What Zizi really wanted was to go to Europe and write his thesis about Charles Baudelaire, but Mobutu felt that the young intelligentsia should serve their country in a more tangible fashion. Along with a few other of his countrymen, Zizi was therefore sent to Paris to learn the business of television. State television was to become an essential instrument in Mobutu’s attempts to get the country back on its feet. On November 23, 1966, exactly one year after the coup, the first Congolese TV program was broadcast. One year later, the first Lingala-language programs began.

“Antennae and relay stations began popping up everywhere,” Zizi told me. “Congo had color television long before large parts of Eastern Europe. An entire generation of journalists received excellent training. We went to Paris and from Mobutu we received student grants that were two times the French minimum wage.
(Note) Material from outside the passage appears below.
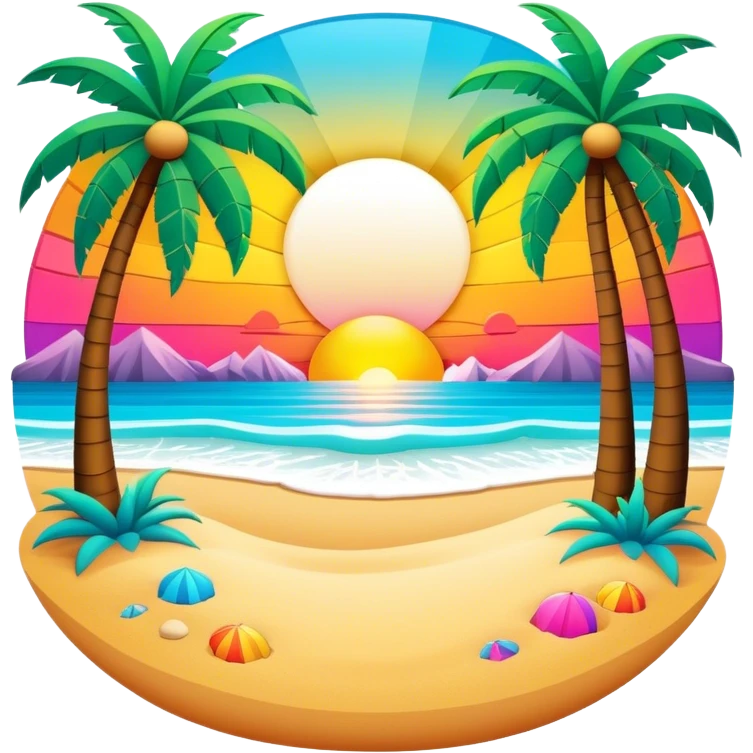 3D, psychedelic colored hippie style beach with setting sun and palm trees emoji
I had my own apartment, I went to the movies. I earned more than a French worker!” When Mobutu came to Paris once to visit his students, they were all taken out to the Champs-Élysées to buy five suits, at his expense.4 When they went to Brussels to shoot some footage, his chief of protocol came by to check the camera crew’s baggage and make sure their clothes were up to snuff. Even the cameraman had to wear a bow tie. In the end, the per diems were so exorbitant that Zizi was able to build his own house.

And then came that letter, in September 1974. In it, Zizi read that he was to come to Kinshasa at the end of the month for a visit of no longer than forty-eight hours. All the Zaïrian students at the INA were summoned because if your studies are being paid for by Mobutu, it is only normal that you do something in return. The reason for such great urgency? An important boxing match was going to take place, and it had to be broadcast live. A boxing match featuring Muhammad Ali.

THE FIRST DECADE of Mobutu’s thirty-year reign was a time of hope, expectations, and revival. “Mobutu was electric,” the writer Vincent Lombume told me once.5 And not only because he brought in television and built hydroelectric power stations, but also because he himself delivered a moral jolt to a nation in disrepair. The period 1965–75 is remembered as the golden decade of an independent Congo. And indeed, Kinshasa was hopping as never before; the beer flowed, the nights never stopped. “Kin-la-Belle,” the city was called. From 1969, beer production rose by 16 percent annually. In 1974, the year of the heavyweight bout, a total of 5 million hectoliters (about 190,000 gallons) was brewed.6 But the first five years, as Mobutu set about consolidating his own power, were also marked by extremely grim moments. Moments surrounding the euphoria like shards of glass cemented to the top of a concrete wall.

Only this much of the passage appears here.